Thesis: WSD

WSD using supervised and unsupervised methods based on Lexical Chains

For my undergraduate thesis at IIT Madras, I worked on Word Sense Disambiguation, under the guidance of Prof. Balaraman Ravindran. In simple terms, the WSD problem is about figuring out what is the meaning of a word in a given context. For example, "I went to the bank to withdraw some money". Here we mean a financial bank, and not a river bank. Can we get a computer to figure this out?

One can try to solve this problem in many ways. A purely probabilistic method would just be to check if a set of words appear together in a sentence, what is the most likely sense of a word, "given" the other words. We require a bunch of examples to figure out these probabilities and we can then apply this to new situations. Another method would be to compare all the meanings of the set of words and see which combination of meanings are most in sync. We could call this a "semantic" approach. My research attempted to use both approaches together.

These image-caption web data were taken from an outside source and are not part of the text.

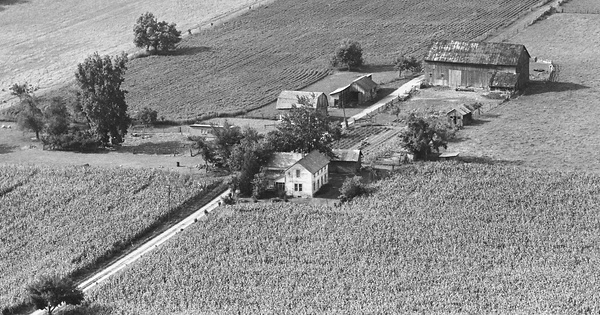 Vintage Aerial photo from 1967 in Adams County, IN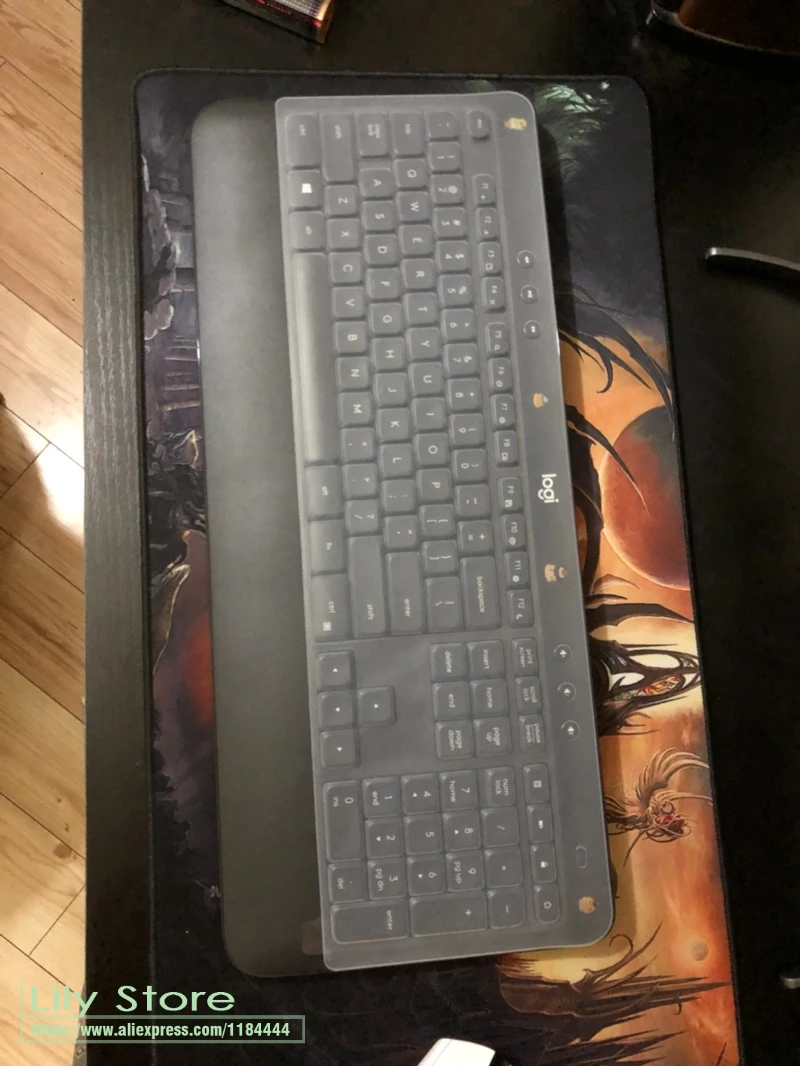 Силиконовая Беспроводная Защитная пленка для клавиатуры logitech MK540 MK545, водонепроницаемая Защитная пленка для настольного компьютера kyeboard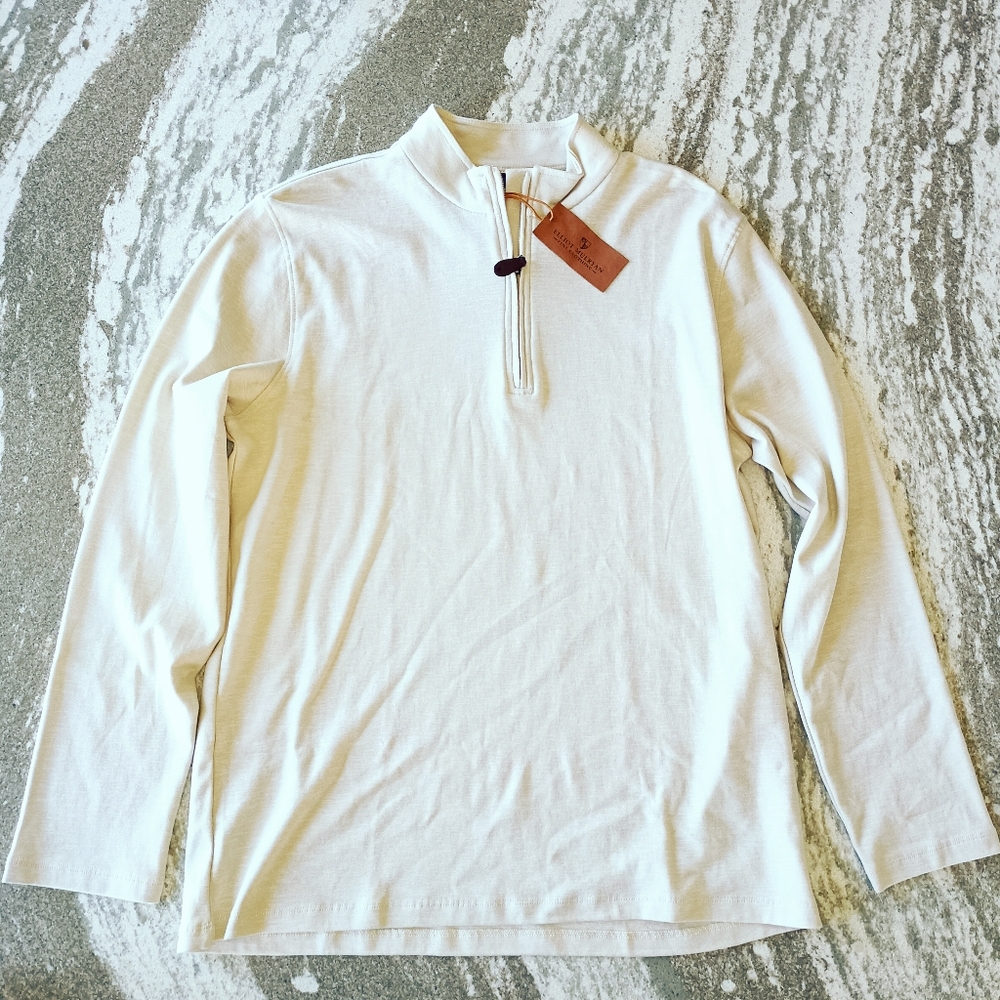 Elliot Mulryan Fine Clothing Mens 1/4 Zip Pullover Sweatshirt New Size Medium - Picture 2 of 2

Many words in the English languages are polysemous - they have more than one meaning. The meaning of such words depends on the context. When a polysemous word is present in a body of text, a particular sense of the word is activated based on the context. It is critical to understand which sense of a polysemous word is activated in a given context to derive meaning from a text containing polysemous words. Word Sense Disambiguation (WSD) is defined as the ability to computationally determine which sense of a word is activated by its use in a particular context. WSD has been a popular area of research and a number of supervised and unsupervised methods have been constructed to perform WSD. Supervised methods use Machine Learning techniques to perform WSD.

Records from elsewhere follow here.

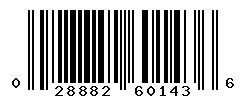 UPC barcode number 028882601436
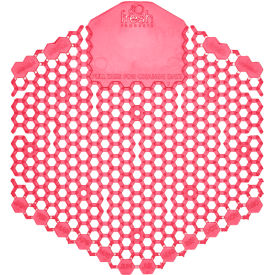 Fresh Products Wave 3D Urinal Deodorizer Screen Red Spiced Apple Fragrance 10 Screens/Box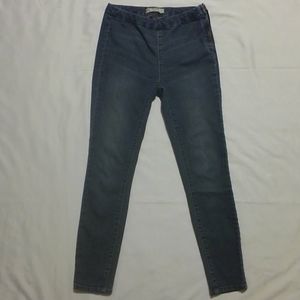 Free People Side Zipper Denim Blue Jeans 24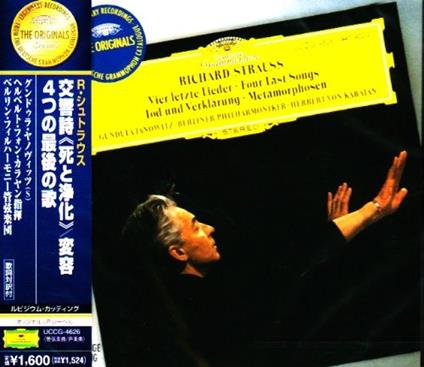 Vier Letzte Lieder - Tod Und Verklarung - CD Audio di Richard Strauss,Herbert Von Karajan,Gundula Janowitz,Berliner Philharmoniker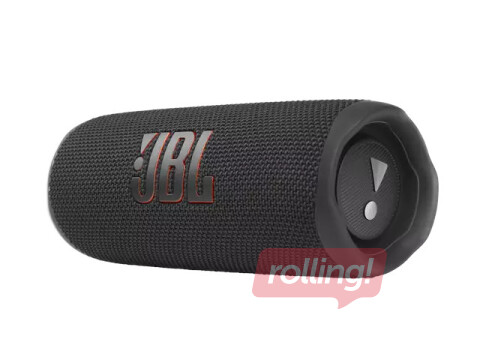 Bezvadu Skaļrunis JBL Flip 6, Black, IPX7 Waterproof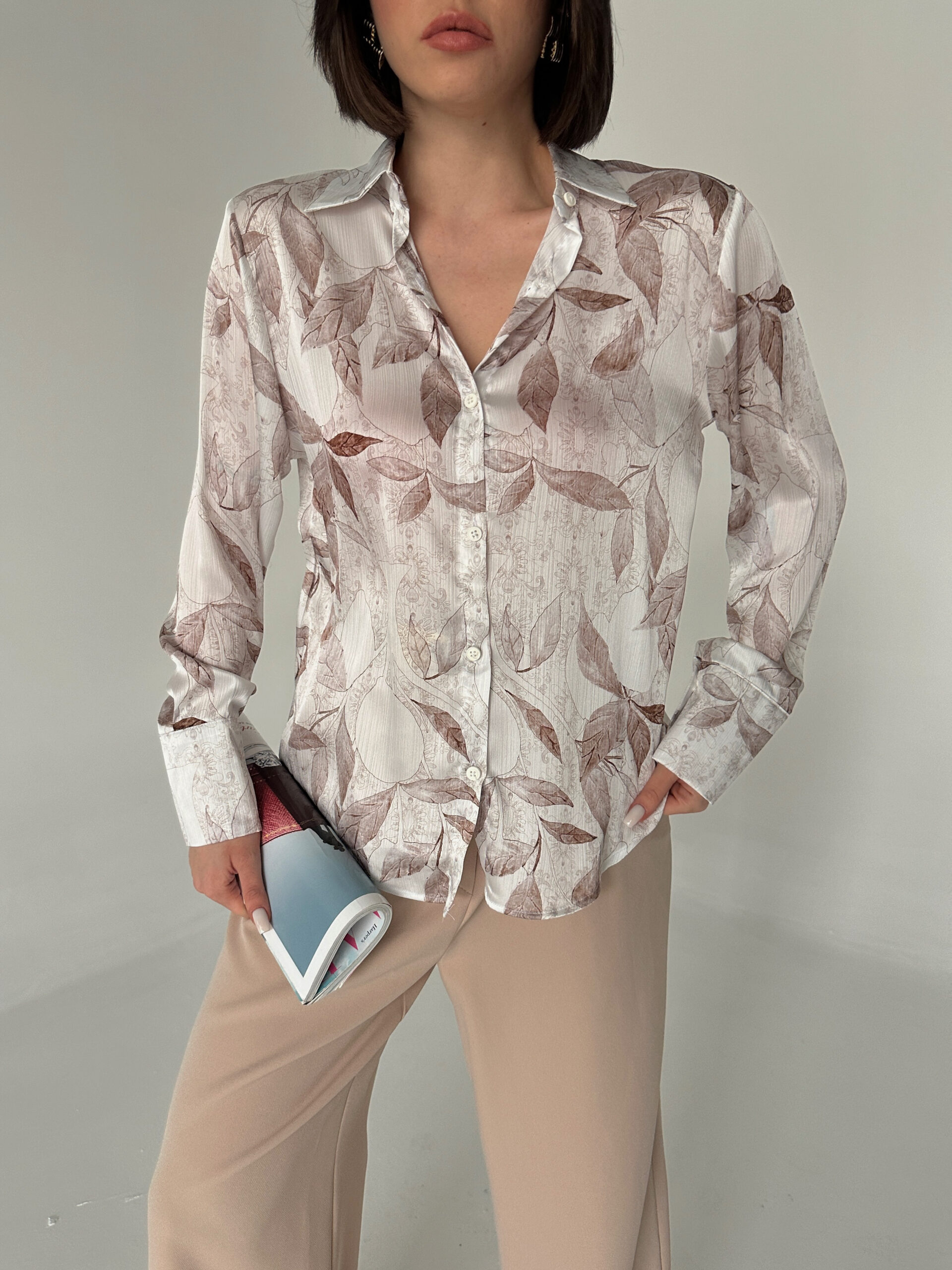 Nettle Pattern Shirt - Brand: My Fashion - Women & Kids, Baby Clothes Wholesale - TheBS Women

In texts, words that are related semantically come together to collectively convey an idea. Lexical chaining is the process of identifying sets of semantically related words in a text. These sets of words, which we call lexical chains, provide a rich representation of the text and are used in a variety of Natural Language Processing tasks. When a lexical chain is constructed, it is based on the meaning of words in a text, thus lexical chaining algorithms intrinsically perform WSD during the construction of Lexical chains. Galley-McKeown's lexical chaining algorithm, boasts good WSD performance compared to other Lexical Chaining algorithms.

In this work, we construct an ensemble classifier, consisting of a supervised classifier (Naive Bayes Classifier) and Galley McKeown's algorithm to enhance the performance of Galley-McKeown's algortihm. We use the supervised classifier to shortlist the top three senses of each of the words in a text and then use Galley-McKeown's algorithm on this reduced solution space. We show that the Galley-McKeown algorithm boasts of a 24.1% increase in accuracy in WSD performance when shortlisting is carried out by the Naive Bayes Classifier. Since WSD performance is one of the ways of measuring Lexical Chaining performance, the ensemble classifier can be used to construct better lexical chains.

Why did I end up working on this?

As an Engineering Physics student, I could take up courses in the CS department since it was one of the few flexible, interdisciplinary courses at IITM. Soon, I became very interested in ML and NLP and my Professors were supportive when I requested to do my research in the Computer Science department. NLP was truly fascinating to me at this juncture, as I was also pursuing a minor in English Literature. The evolution of Natural Languages, with all their quirks and peculiarities, is an interesting topic by itself. Trying to make a computer understand these languages? Incredibly exciting!